Training started - epochs: 20 - learning_rate: 0.005 - batch_size: 64 - training_examples: 13341 - classes: 2
Epoch 0/20 - 0.49s - loss: 125.230545 - acc: 0.7007471 - batches: 209
Epoch 1/20 - 0.34s - loss: 115.544014 - acc: 0.7358437 - batches: 209
Epoch 2/20 - 0.34s - loss: 114.46812 - acc: 0.7435811 - batches: 209
Epoch 3/20 - 0.33s - loss: 113.75002 - acc: 0.74919957 - batches: 209
Epoch 4/20 - 0.34s - loss: 113.10281 - acc: 0.7550745 - batches: 209
Epoch 5/20 - 0.35s - loss: 112.81218 - acc: 0.760048 - batches: 209
Epoch 6/20 - 0.33s - loss: 112.79334 - acc: 0.7641045 - batches: 209
Epoch 7/20 - 0.37s - loss: 112.8797 - acc: 0.767244 - batches: 209
Epoch 8/20 - 0.34s - loss: 112.86142 - acc: 0.76996386 - batches: 209
Epoch 9/20 - 0.34s - loss: 112.65094 - acc: 0.77289355 - batches: 209
Epoch 10/20 - 0.34s - loss: 112.2948 - acc: 0.77552277 - batches: 209
Epoch 11/20 - 0.34s - loss: 112.11395 - acc: 0.7776261 - batches: 209
Epoch 12/20 - 0.36s - loss: 111.9319 - acc: 0.7798797 - ba

The output of classifierDLModel.transform() need several transformations to get the final result.

In [None]:
predictionTest = classifierDLModel.transform(testDataSnlp)
predictionTest = Finisher().setInputCols("labelFull").setOutputCols("labelSimple").transform(predictionTest)
predictionTest = predictionTest.withColumn("labelSimple", F.col("labelSimple").cast("array<integer>"))
predictionTest = predictionTest.selectExpr('id', "AGGREGATE(labelSimple, 0, (acc, x) -> acc + x) as label")
predictionTest = predictionTest.withColumn('labelFinal', F.when(F.col("label") >= 1, 1).otherwise(0))
predLabelTest = np.array(predictionTest.select('labelFinal').collect()).squeeze()

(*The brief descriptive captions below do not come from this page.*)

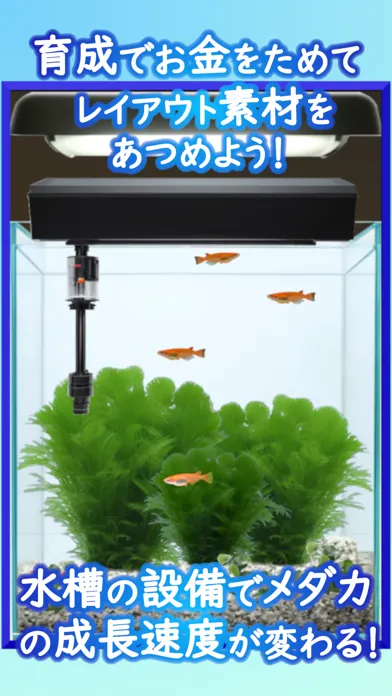 Medaka Aquarium Breeder স্ক্রিনশট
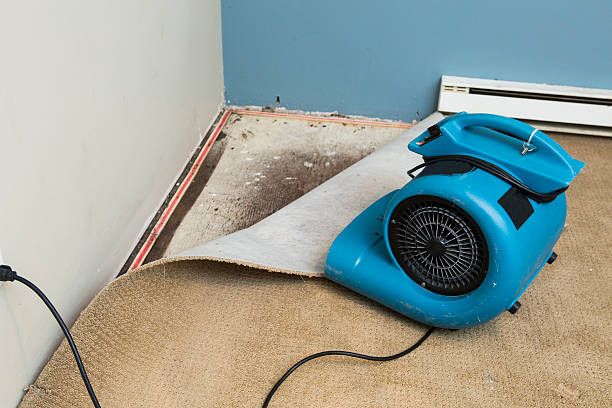 Best Water damage restoration near me  in North Palm Beach, FL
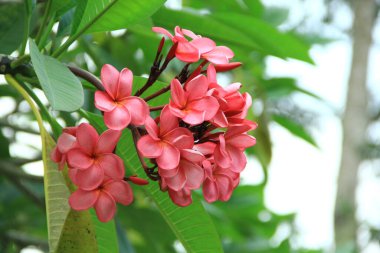 Adenyum obesum (Kamboja Jepang) çiçeklerinin kırmızı, beyaz ve pembe görüntüsünü kapat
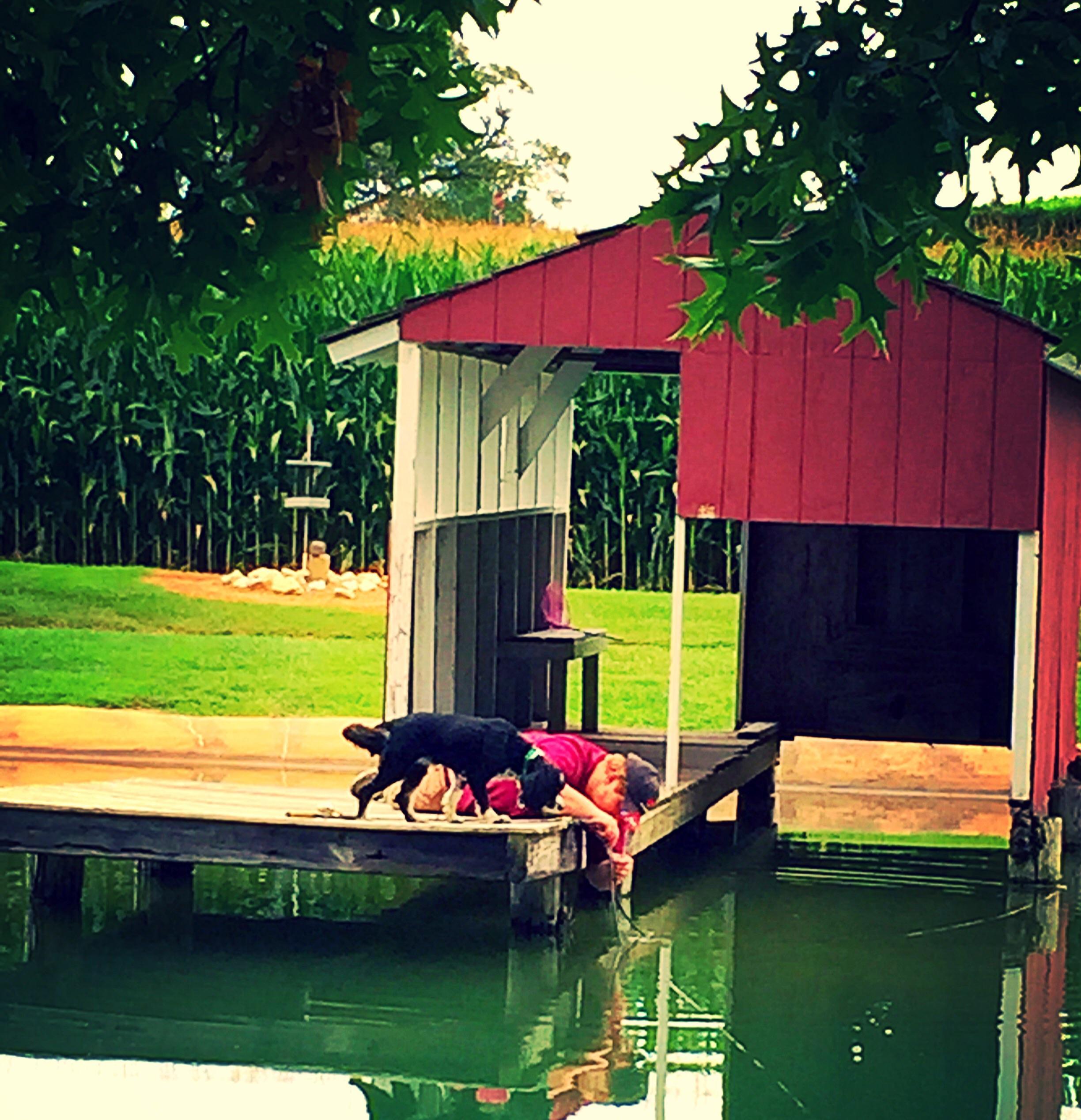 Beaver Creek Farm Cabins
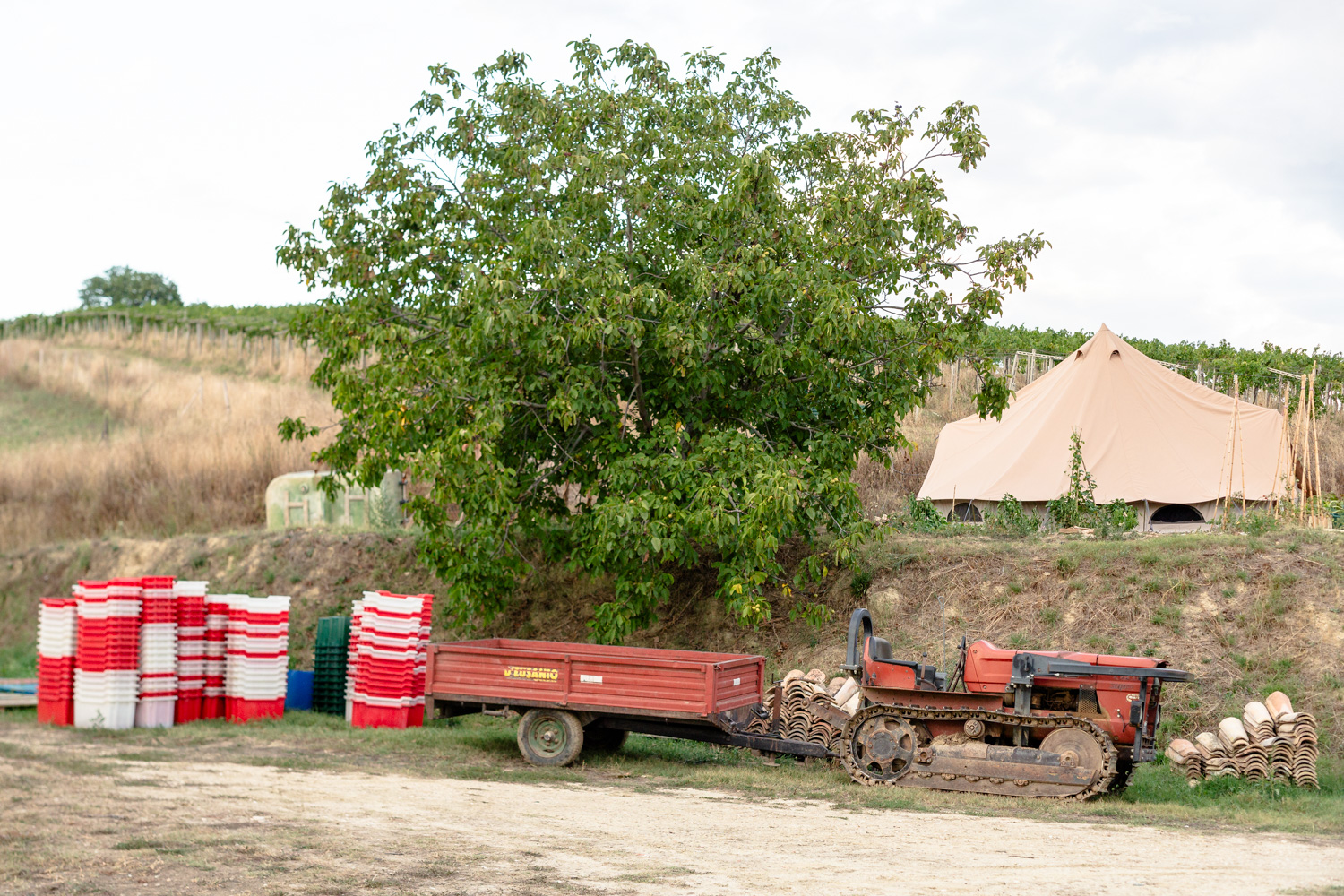 Harvest equipment and tractor at the vineyard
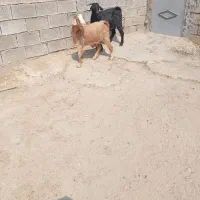 بز نژدی
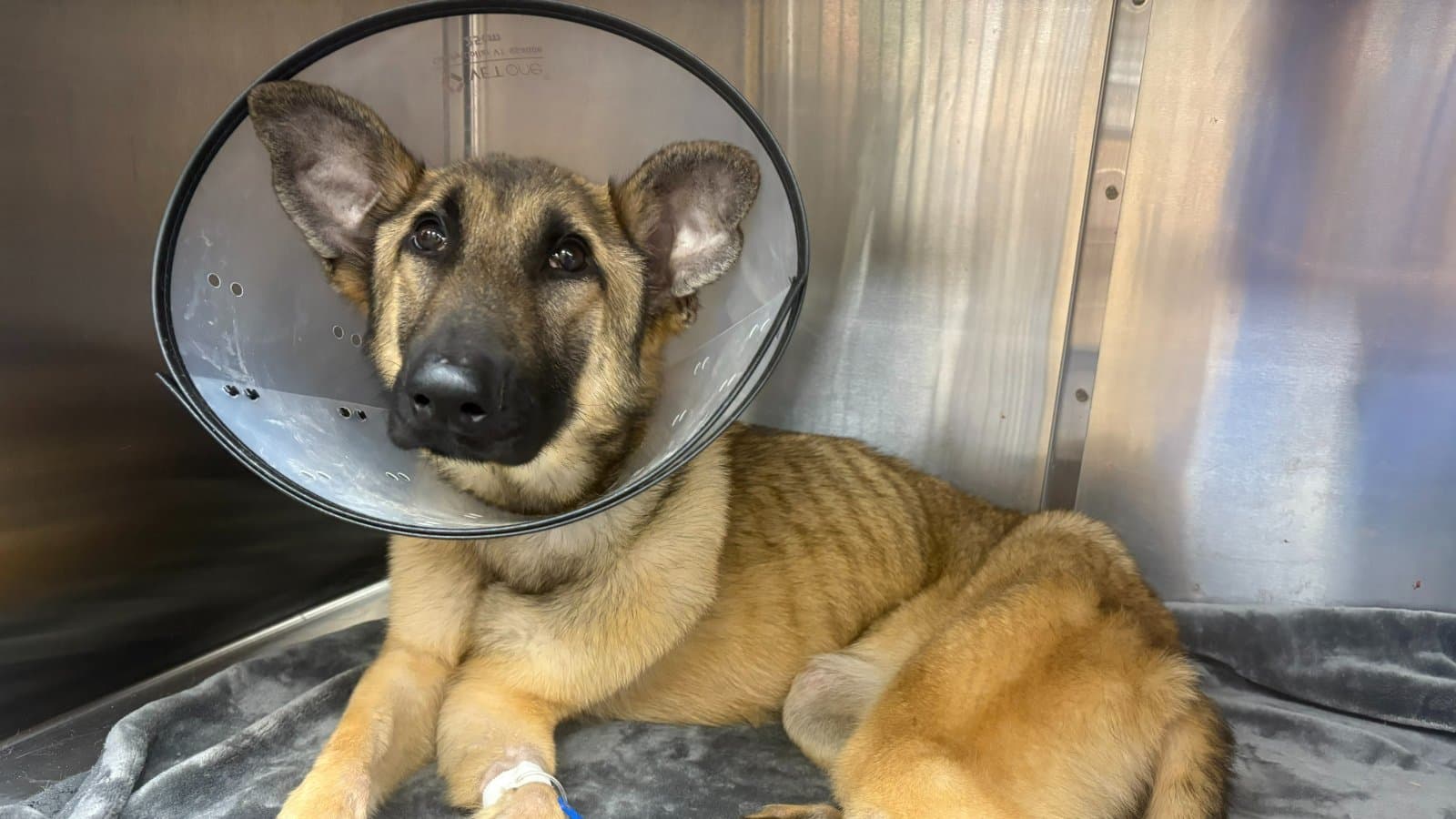 Help Coco (Goldeen) Overcome Her Medical Battle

**The score of test set is 0.80355.**  
We can see an improvement by using BERT/NNs compared with the score 0.77536 of [our previous notebook](https://deepnote.com/project/Pyspark-for-Natural-Language-Processing-with-Disaster-Tweets--dn4DX33Tem9ogzvD8t7Eg).
Note that the architecture of ClassifierDLApproach is still not published.